DATASET EXCERPT>
Start of Block
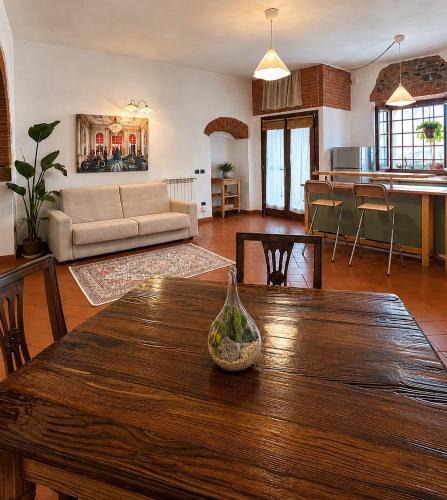 a living room with a table and a living room at Residenza Vittoria nell'Antico Borgo in Piombino
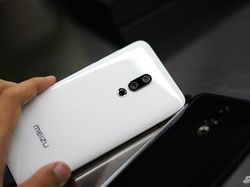 Penampakan Meizu 16, Ponsel Snapdragon 845 Termurah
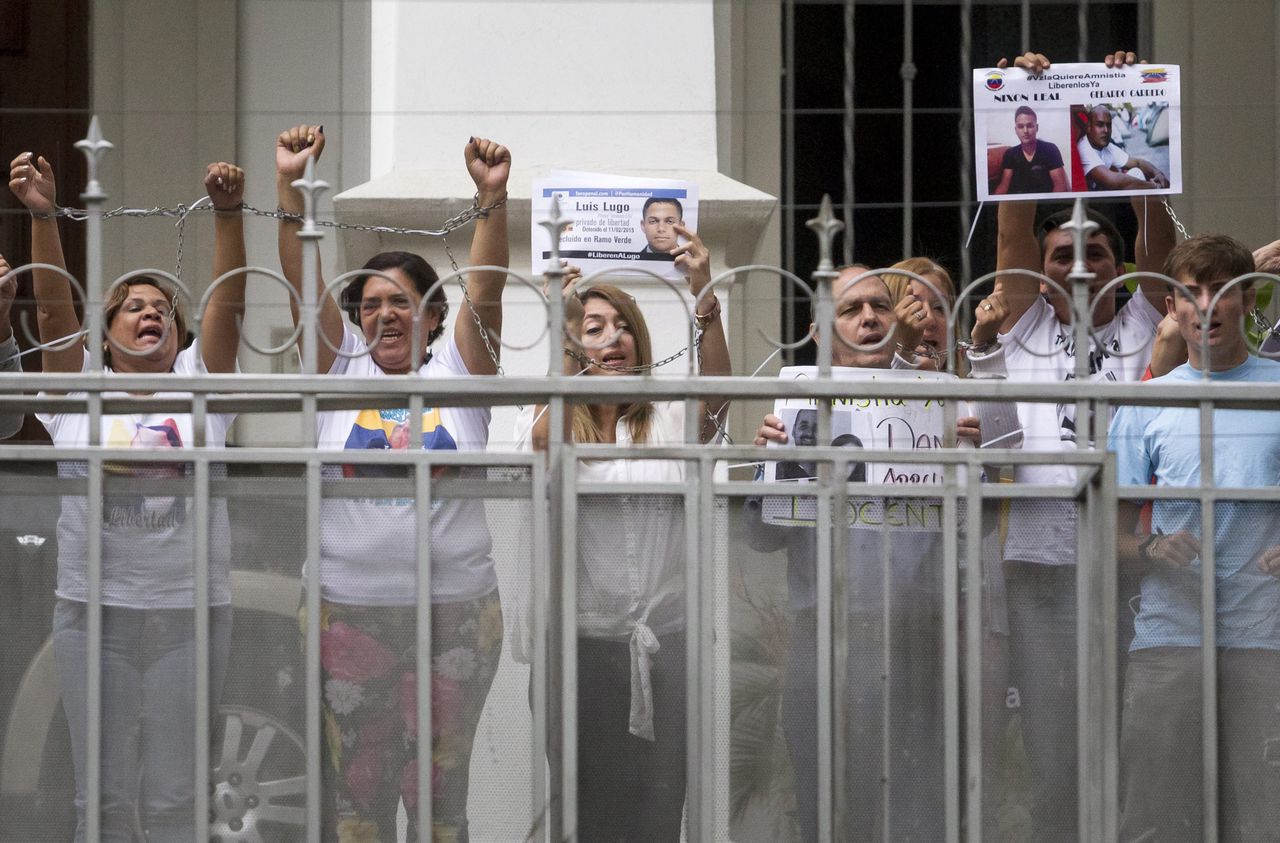 Venezuela laat zes politieke gevangenen vrij 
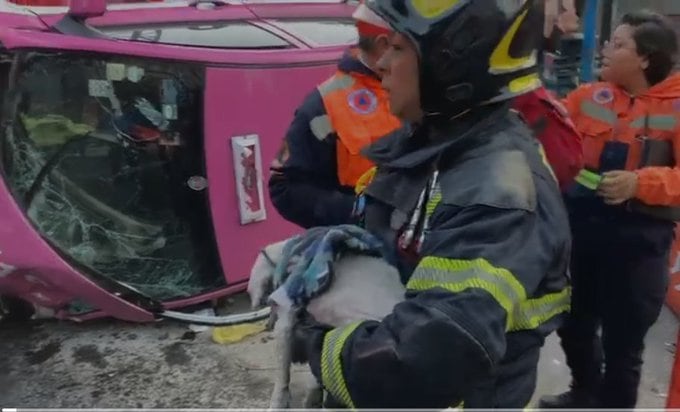 Taxista de CDMX muere en accidente en San Antonio Abad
End of Block
Set the data above down again exactly as given, with no pictures.

EXERCISE ANSWER>
 a living room with a table and a living room at Residenza Vittoria nell'Antico Borgo in Piombino
 Penampakan Meizu 16, Ponsel Snapdragon 845 Termurah
 Venezuela laat zes politieke gevangenen vrij 
 Taxista de CDMX muere en accidente en San Antonio Abad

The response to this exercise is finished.